Sunday, June 24, 2001


[ MAUKA Star MAKAI ]


DEAN SENSUI / DSENSUI@STARBULLETIN.COM
Ricarda Roberto and Christine Perez find
books to be good beach buddies.



MacDonald’s
Travis McGee makes a
colorful companion

BOOKS FOR THE BEACH

Star-Bulletin reviewers will make occasional recommendations
for great beach books, page-turners that travel well, that entertain
and make those hours spent in a hammock, at the ocean, even
on the sofa, relaxing and enjoyable.



bookIF YOU HAVE NOT discovered the late John D. MacDonald and his Travis McGee series, well, get ready. You have a treat in store, perfect for summer reading. Over the years, MacDonald wrote countless books, and some of the best have as the central character one Travis McGee, private investigator, salvage consultant and knight errant. Intelligent, adventurous, fearless and prone to tight situations with the scar tissue to prove it, McGee is always likable and loyal. He lives on a houseboat, the Busted Flush, in the Fort Lauderdale yacht basin and tries to work as little as possible. However, trouble seems to find him, and often when he is least prepared. John D. MacDonald is a gem of a writer and never disappoints.

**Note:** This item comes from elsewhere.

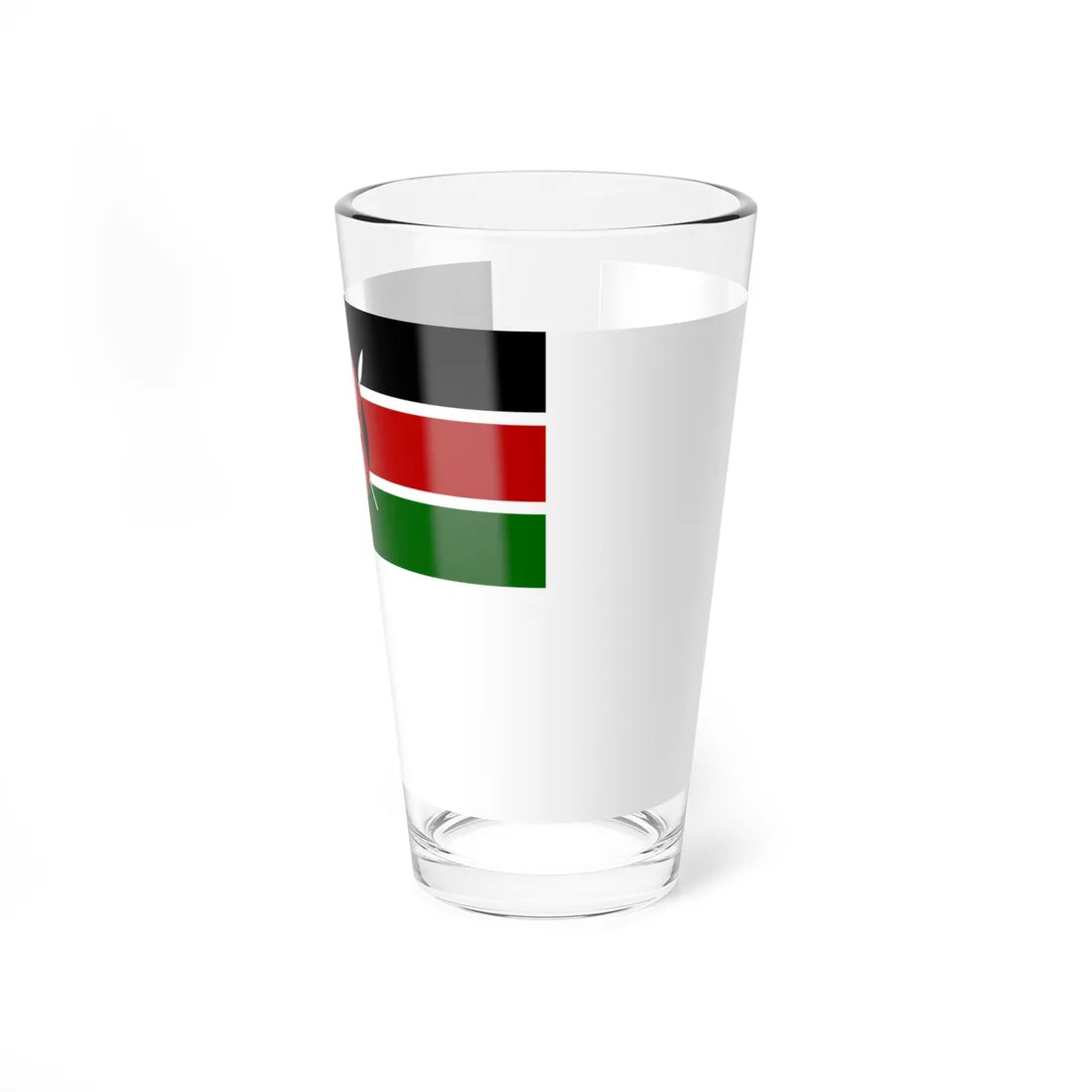 Naval Ensign of Kenya (Kenya) Pint Glass 16oz 16oz - Go Mug Yourself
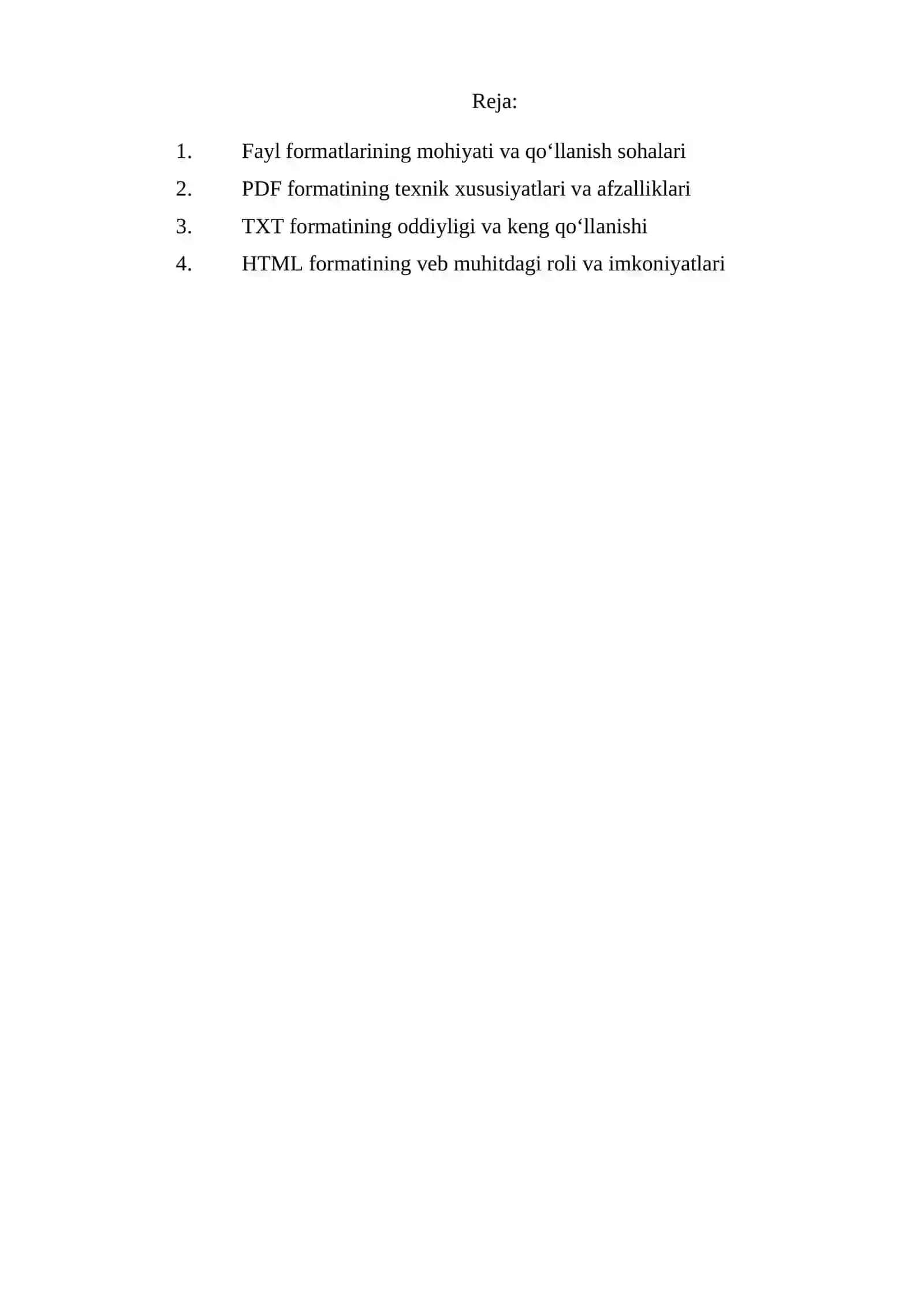 Fayllarni turli formatlarda saqlash (PDF, TXT, HTML) 2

Start with MacDonald's first Travis McGee story, "The Deep Blue Good-by," and keep right on going. Or skip ahead to "The Long Lavender Look" or "The Turquoise Lament," which opens at the Ala Wai Yacht Harbor and ends in Samoa. Each title -- marked by its own color -- stands on its own.

-- Finn Honoré


COVER STORY

Mauka Makai cover

BEST-SELLING AUTHOR Jeffrey Deaver, "The Bone Collector" being one of his well-known books made into a movie with Denzel Washington, proves once again that he is a masterful storyteller and someone who will have you hooked from the first page.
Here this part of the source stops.